When I first saw this CD while I was browsing, I thought, "Another collection of demos?!?"-it seems that many bands from the 80's-90's are dredging up their dusty demos and putting them on a CD just to have something new on the market. However after purchasing this CD of demos, I'm likely to raise my standards when it comes to demo recordings...
The first detail that caught my eye with this demo recording was the fact that it included several previously unreleased songs- always a plus in my book. Plus I'm a huge fan of Rob Halford- either with Judas Priest or his solo material. I think he has one of the greatest voices in heavy metal.
The liner notes are great, too. They tell the story of how Rob set out on his first solo project after leaving Judas Priest. In his own words, Halford tells you his vision of what he wanted from the first Fight album. He held the project so close to his heart that he insisted on keeping his own copy of the original demos, and that is more or less what K5 is.

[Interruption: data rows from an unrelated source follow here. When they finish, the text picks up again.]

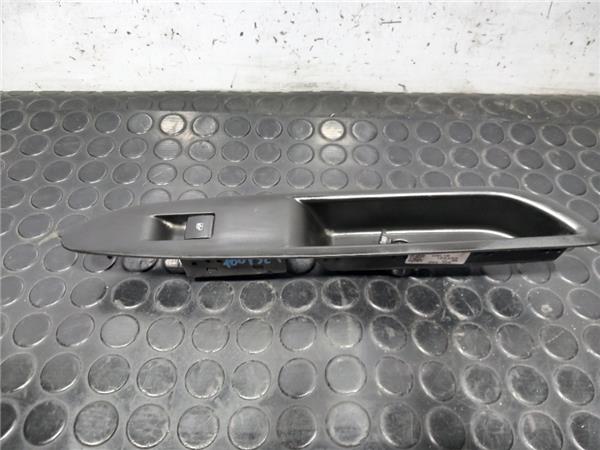 OPEL Mokka 1 generation (2012-2015) Front Right Door Window Switch 95025524-600R,22915110 21669861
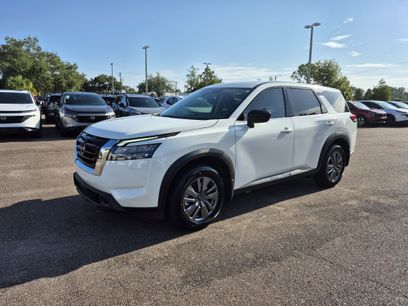 Used 2025 Nissan Pathfinder S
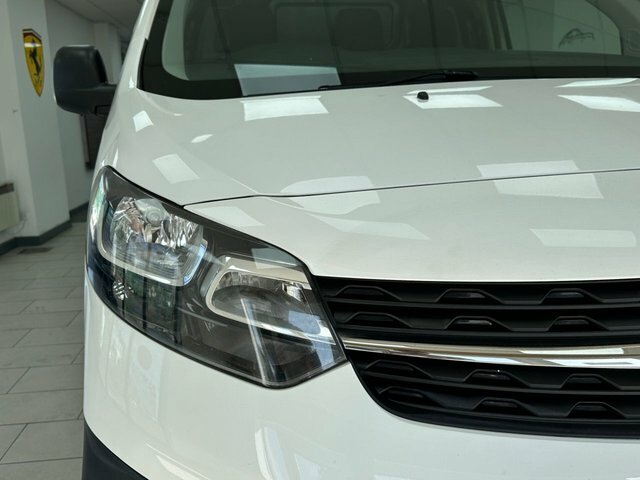 Vauxhall Vivaro 2900 1.5D 100Ps Dynamic H1 Van White #14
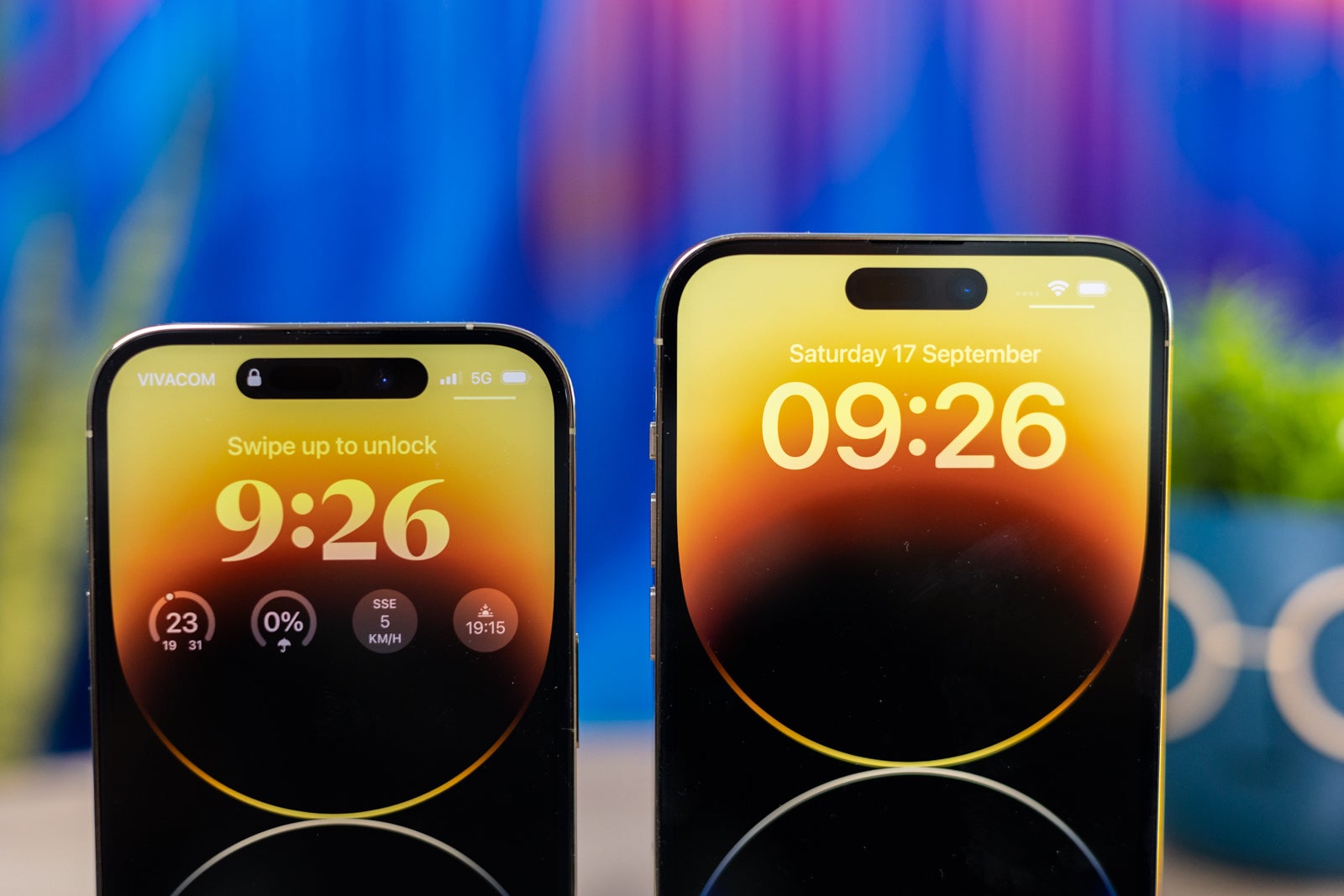 (Credito immagine - PhoneArena) iPhone 14 Pro vs 14 Pro Max Dynamic Island - Apple iPhone 14 Pro Max vs iPhone 14 Pro: scegli le tue dimensioni!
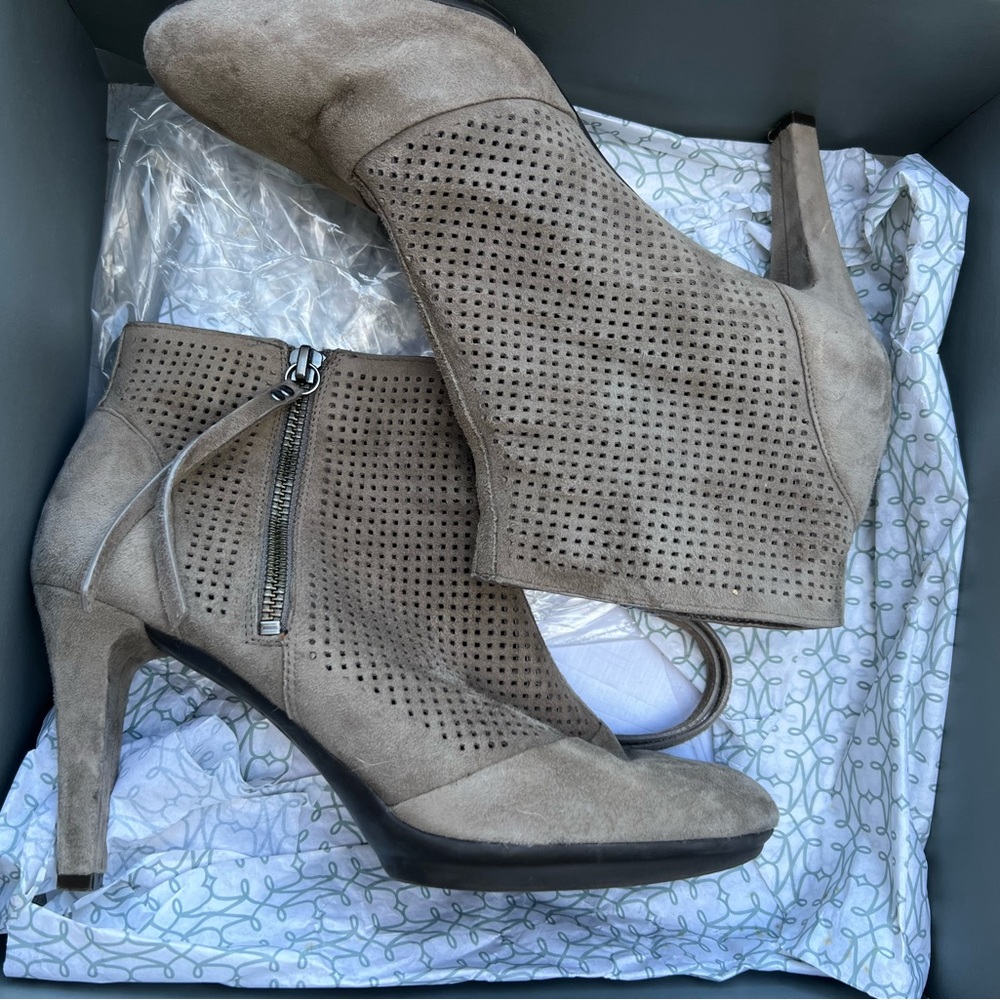 EUC Johnston & Murphy Lani zip bootie size 8.5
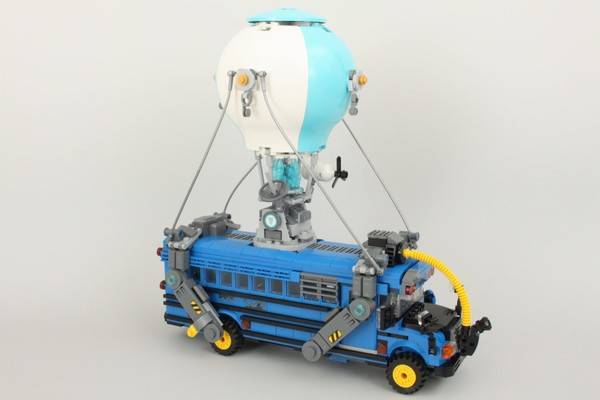 LEGO Fortnite Battle Bus (Set 77073)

As this CD began to play I was instantly impressed with the sound quality. The opening track, "Into the Pit", kicks off with an ascending drum beat that quickly explodes into the feast of metal riffage that Fight were known for. The next few tracks on the CD follow suit. At times it seems as though Rob is in the room right next to you wailing his lungs out. You can hear the echos and a bit of feedback from the amps in a couple places. The vocals are sometimes easier to make out compared to the refined studio album, but in other cases more difficult -it depends on the effects employed in the particular song. It is unrefined qualities like these that make a recording of demos worth listening to.

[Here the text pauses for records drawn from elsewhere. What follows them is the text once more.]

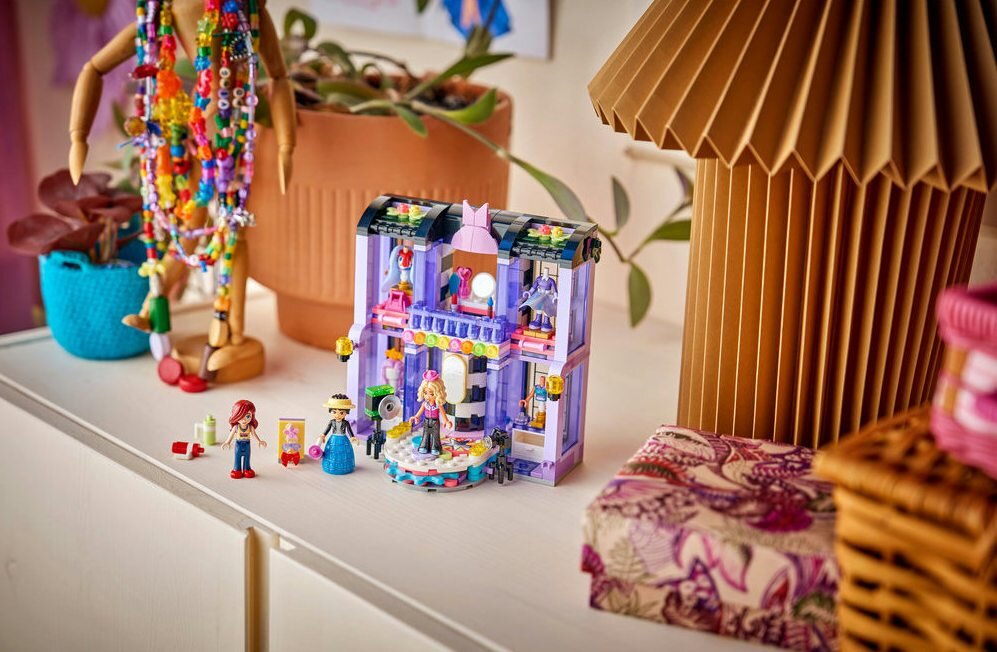 LEGO 42685 Friends Pokaz mody w mieście Heartlake    kv lifestyle początek opisu sekcja nagłówkowa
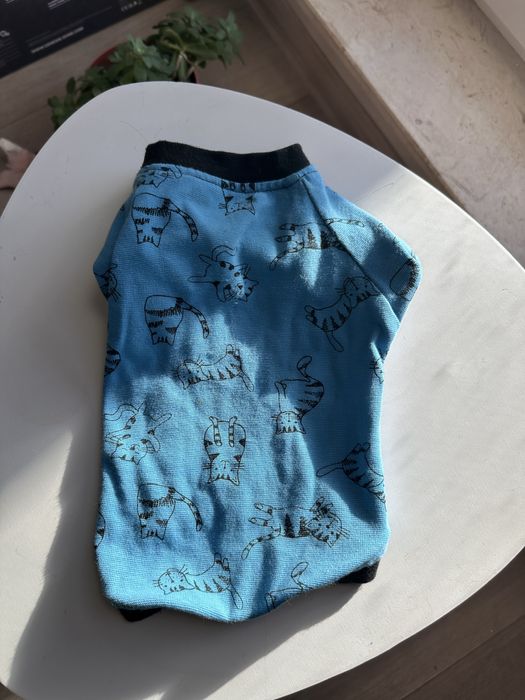 Дрехи за котки отлично състояние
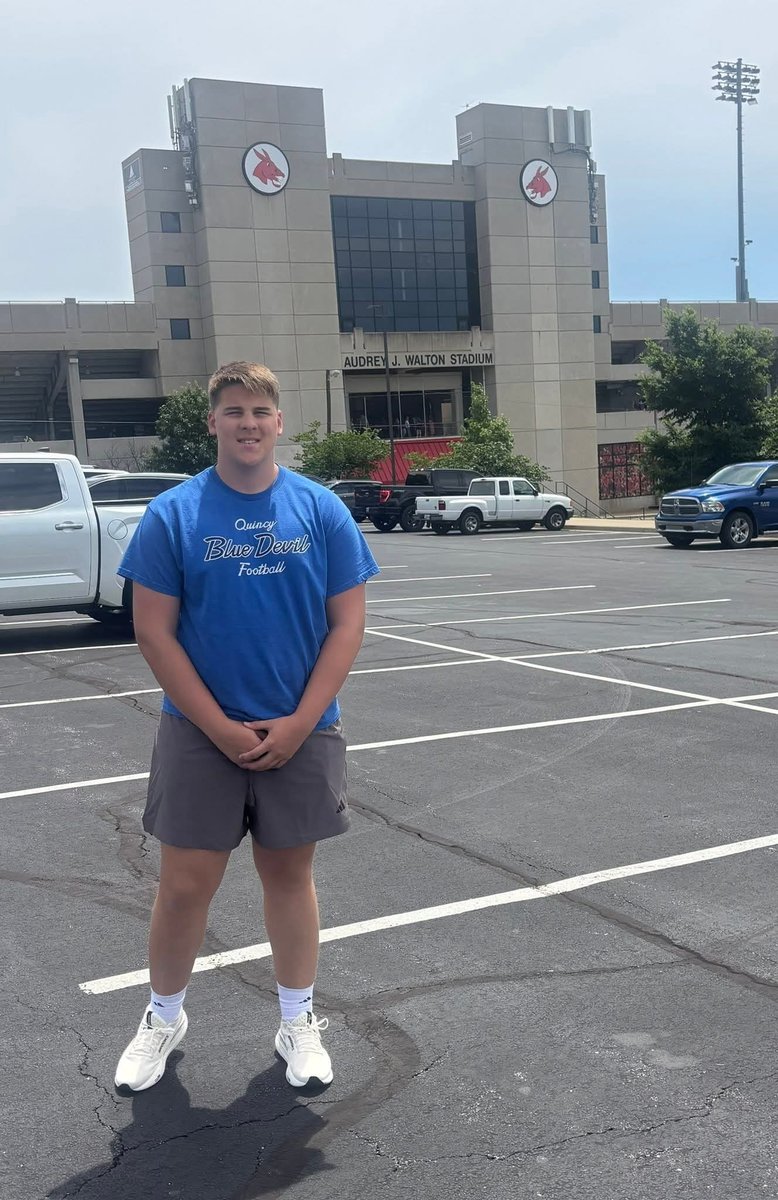 jaxsonfohey's tweet photo. Had a good day at the UCM football camp! @UCMFootballTeam  @qhsfootball @RLittle_3 https://t.co/YfIhiM5n3q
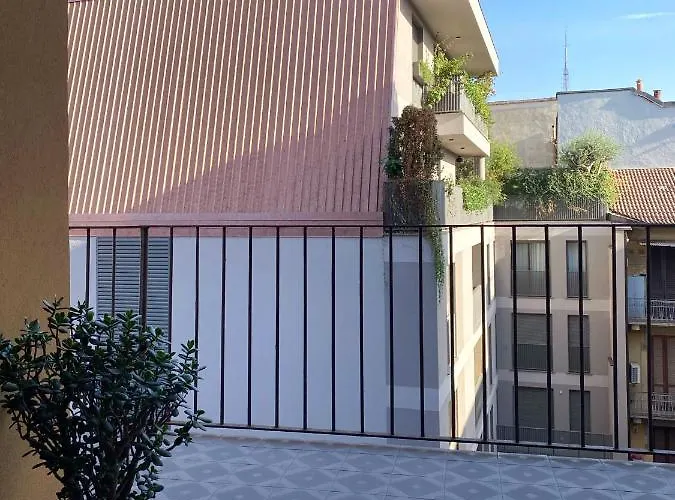 Apartman Chic Design Flat Milan - City Center & Balcony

Experiencing these songs as Halford originally intended them is a truly unique experience. I also dug out the original "War of Words" album from '93 and listened to it again to get a good comparison. There are a few songs on the original recording that are absent from the demos. Perhaps these were composed later on, or maybe written primarily by a collaborator. Whatever the reason, it means you have to hear both versions of this album to get the full experience!

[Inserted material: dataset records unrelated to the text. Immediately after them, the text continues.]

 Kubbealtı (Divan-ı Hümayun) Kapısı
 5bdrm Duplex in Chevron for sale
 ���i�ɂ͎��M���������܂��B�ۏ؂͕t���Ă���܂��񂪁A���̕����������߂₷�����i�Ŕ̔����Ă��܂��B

Looking back at this period of Halford's career, it seems he was creating a tougher sounding kind of metal, coinciding with the rise of Pantera's international success, whose influence may be apparent in Fight's material. If you're a fan of the "Painkiller" Judas Priest album, you should enjoy Fight's music (Halford brought Priest drummer Scott Travis along with him into the "Fight" club). However you look at it, K5 provides a new perspective on this segment of Rob Halford's recording career.
In recommending songs, I'll make notes after each song as to which version I prefer. In the end I must say that both versions should be considered "essential" for fans of "The Metal God"...
From K5-The War Of Words Demos ('08)
-Into The Pit*
-Nailed to the Gun*
-Now You Die (exclusively on this version)
-Beast Denies (this is an early version of the song that became "Reality: A New Beginning". The lyrics are completely different, but my favorite part is the clean-guitar breakdown segment that was cut from the final version of this song.)
-Psycho Suicide (this was originally found as a hidden track on "A Small Deadly Space"- Fight's 2nd full-length album.)
-War of Words
-Down (exclusively on this version)
-Laid to Rest
-For All Eternity*
From War Of Words (original '93)
-Into The Pit
-Nailed to the Gun
-Immortal Sin (exclusively on this version)
-Little Crazy (exclusively on this version)
-War of Words*
-Laid to Rest*
-For All Eternity
-Reality: A New Beginning* (of all the songs I'm recommending in this post, this one is my #1 suggestion. In fact, it is one of my favorite heavy metal songs of all-time!)